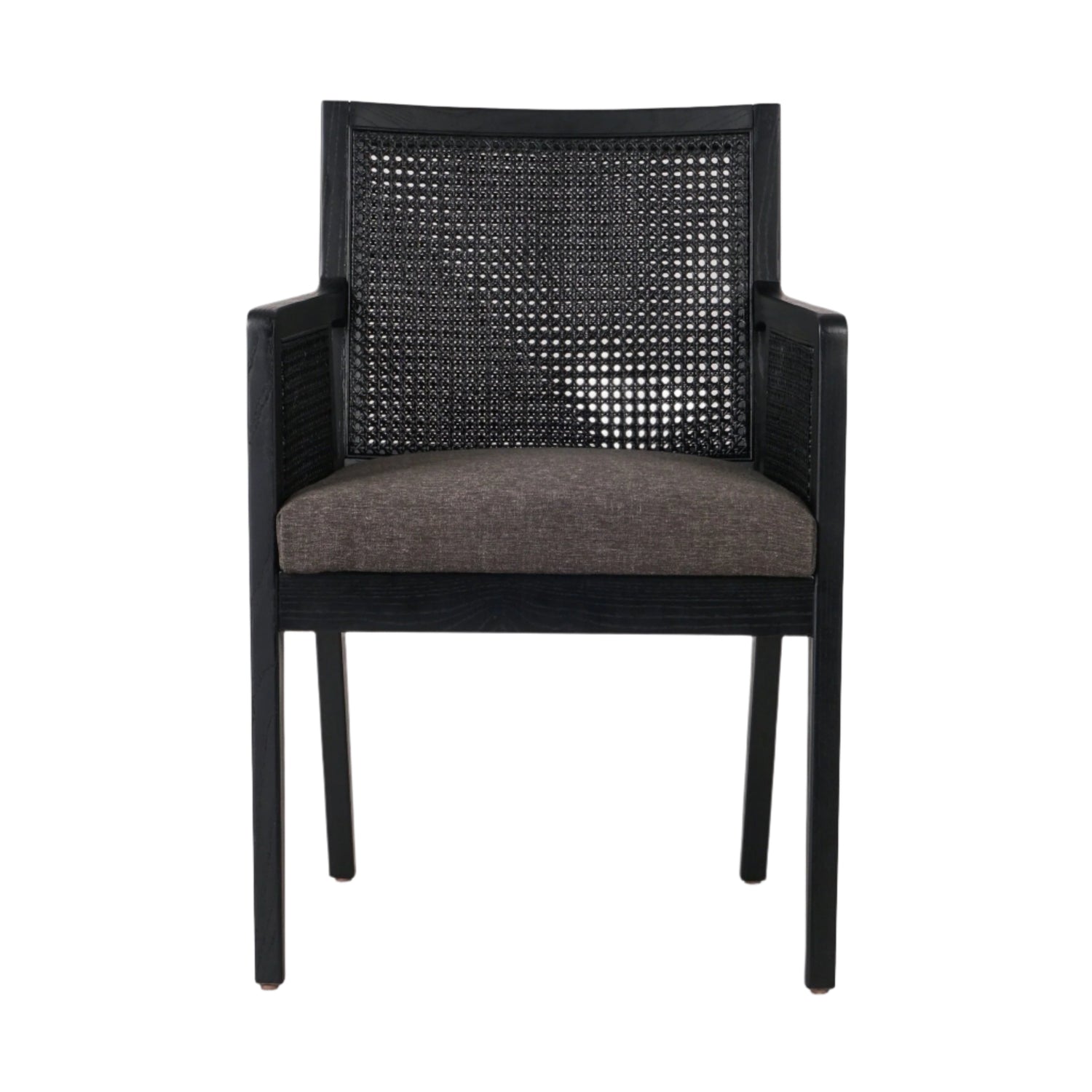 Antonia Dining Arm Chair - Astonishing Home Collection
---
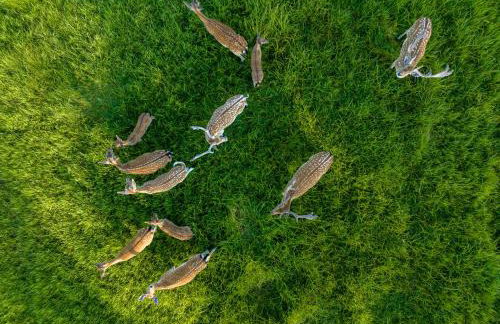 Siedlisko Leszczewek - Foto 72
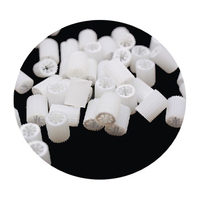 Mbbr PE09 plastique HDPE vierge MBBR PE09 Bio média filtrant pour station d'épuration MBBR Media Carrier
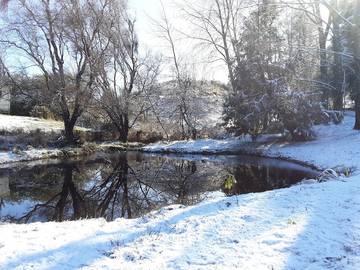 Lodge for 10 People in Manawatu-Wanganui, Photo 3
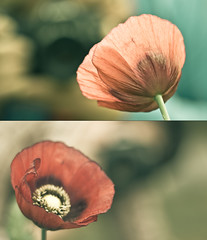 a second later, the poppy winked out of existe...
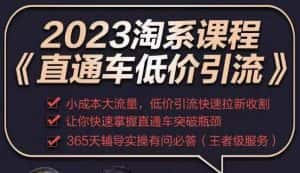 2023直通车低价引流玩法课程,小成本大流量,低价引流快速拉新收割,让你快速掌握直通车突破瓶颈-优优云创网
--
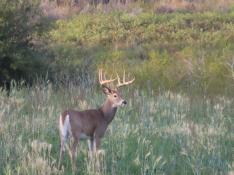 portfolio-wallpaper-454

# [What you should do]
Each line from the one that contains "Siedlisko Leszczewek - Foto 72" down to the one that contains "2023直通车低价引流玩法课" is to be returned exactly as it stands above, both ends included, with pictures removed.

# [Finished exercise]
 Siedlisko Leszczewek - Foto 72
 Mbbr PE09 plastique HDPE vierge MBBR PE09 Bio média filtrant pour station d'épuration MBBR Media Carrier
 Lodge for 10 People in Manawatu-Wanganui, Photo 3
 a second later, the poppy winked out of existe...
 2023直通车低价引流玩法课程,小成本大流量,低价引流快速拉新收割,让你快速掌握直通车突破瓶颈-优优云创网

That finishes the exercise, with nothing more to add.